Most important to the retooling process besides the glowing crossover title track was its desperate need to supply Hyman with dancefloor shtick. By 1978, the fanfare for smooth Quiet Storm soul was mellowed by all the grandeur surrounding disco. Although Hyman toyed with the up-tempo four-on-the-floor format with the Thom Bell-penned “Loving You Losing You” on her debut, Hyman’s most serious foray into disco can actually be found here. With “So Strange,” Hyman plays around with a round of jazzy “do-do-do” chants on the intro before cascading around disco strobe lights. She returns to the dance floor on the funky album opener “Kiss You All Over,” which traces the string-studded Philly soul machine of the Gamble/Huff regimen. She sounds delightful on those tunes, even if they aren’t done on the level of Donna Summer magnificence. Where Hyman is best suited is when she wears her heart on her sleeve while singing about a love in despair, such as the standout ballad “Be Careful (How You Treat My Love).” The lyrics seem to unravel a weighty epiphany about her own marriage with her then-husband Larry Alexander. “My love is strong and true/I’ve given it all to you/Don’t be foolish now and throw it away,” she convincingly sings while donning the character of the Gary Glenn lyric. She continues to pour on the melancholy when she explores the depths of the Broadway classic from the show Carnival in Flanders,“Here’s That Rainy Day,” alongside a spare arrangement with Monty Alexander’s piano.
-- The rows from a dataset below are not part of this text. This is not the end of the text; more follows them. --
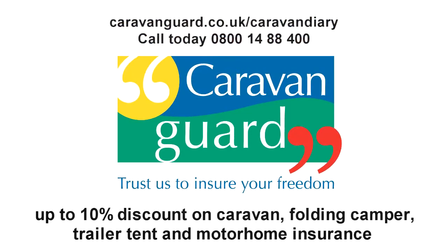The Caravan Diary is proud to be sponsored by Caravan Guard Insurance. Get a quick discounted quote at caravanguard.co.uk/caravandiary.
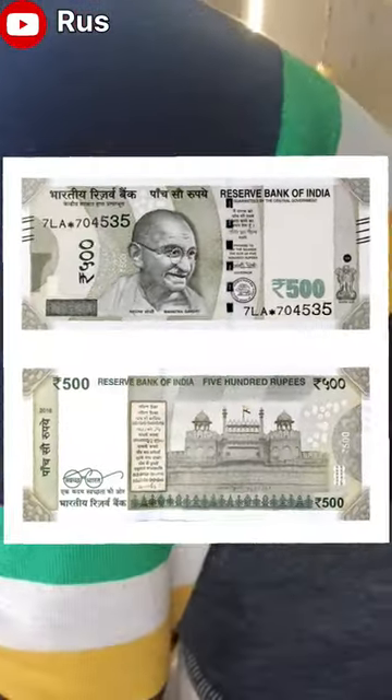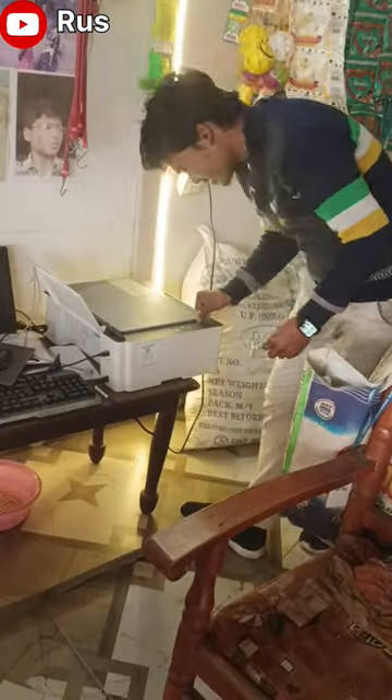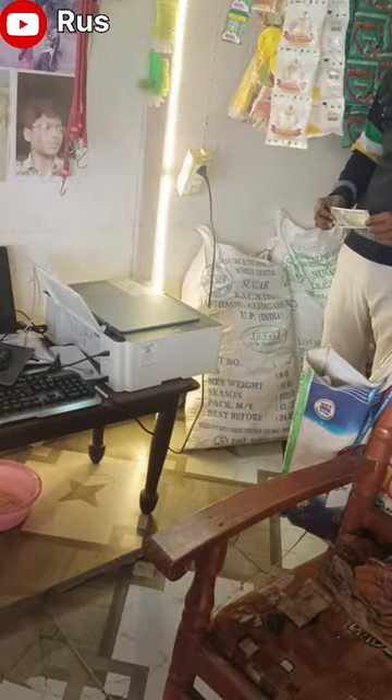Hello guys, so today we are going to try the trunk. After photocopies, the trunk is coming from 500.00. Let's start. Here we are going to try the trunk.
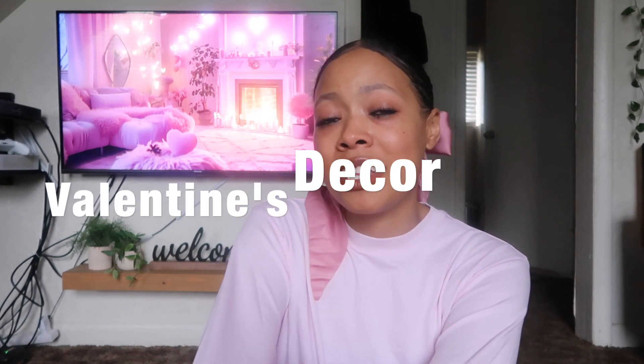Hey guys, welcome back to my channel. Today we are doing a Valentine's decor video. I'm putting up my Valentine's Day stuff. I figured let's do it together. I got the little vibe set in the background. We got the Valentine's living room in the back. I'm wearing all pink. I got this outfit from Skims, which is Kim Kardashian's line — I'll have it linked in the description box down below. I got the pink bow, pink nails, everything is pink. I'm feeling the vibes. I haven't had a chance to decorate since I've been working, but we're getting back on it this week. Sit back, relax, prop your feet up. Let's get right on into the video.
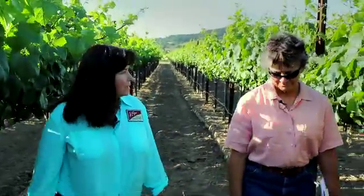Laura, thank you so much for taking time out of your busy schedule to meet with us today. Well, Sonny, thank you very much for asking me.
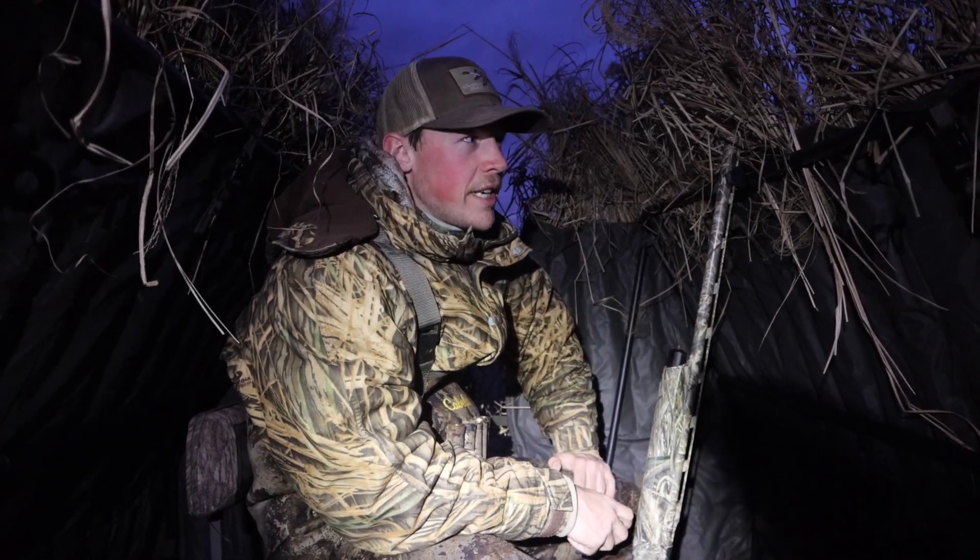Morning y'all. Welcome back to another duck hunting video. Season's winding down here in Maryland — we got 10 days left. Brady and I are out trying the river today going for geese and divers. There's been some cans and bluebills around, as well as buffies and some ruddy ducks, but we're really hoping to get on some cans or bluebills. Geese will be a nice bonus. We've got two dozen goose decoys out and probably five or six dozen duck decoys.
Not everything worthwhile here floats into the abyss of heartbreak. She dreams of “sweet romance” on “The Answer Is You.” The songstress works efficiently well on Skip Scarborough’s funky soul of “Living Inside Your Love.” Hyman also joins the growing chorus of tributes previously set by John Lennon and the Rolling Stones for political activist Angela Davis on her original composition “Gonna Make Changes.”
For the devout archivist, the 2013 reissue successfully restores the dropped material of the Sing a Song album as bonus tracks. They are meager offerings, but still show off Hyman’s glowing prowess. The reissue’s liner notes, handled by A. Scott Galloway, do a good job in composing a narrative that balances the trivial with first-class details. It marinates the stories of bandmates, songwriters, song partners and old friends in such a way that it travels like a trip down memory lane; sort of an extension of the short, but memorable Unsung documentary episode on Hyman’s life. It does follow the familiar protocol of throwing Arista exec Clive Davis under the bus, which seems a bit upsetting when you factor in a glorified Barry Manilow-produced title track aimed at adult contemporary formats, the timely new disco tracks and a neatly congealed song sequence. The story also exposes a bitter Hyman upset at Herbie Hancock’s imperfect performance on “Gonna Make Changes,” Davis’s hand-me-downs and also feeling like a guppy inside Davis’s fully loaded aquarium. But, all is fair in love. Hyman’s tenure with Arista, despite not reaching the high expectations others had hoped, added more luster to her star power. While Somewhere In My Lifetime often takes a disheartened backseat to its darling follow-up You Know How to Love Me, produced by James Mtume and Reggie Lucas, the expanded edition from SoulMusic.com Records – now featuring the restored tracks from the out-of-print Sing a Song LP – achieves a satisfactory goal in taking home the silver medal. Highly Recommended.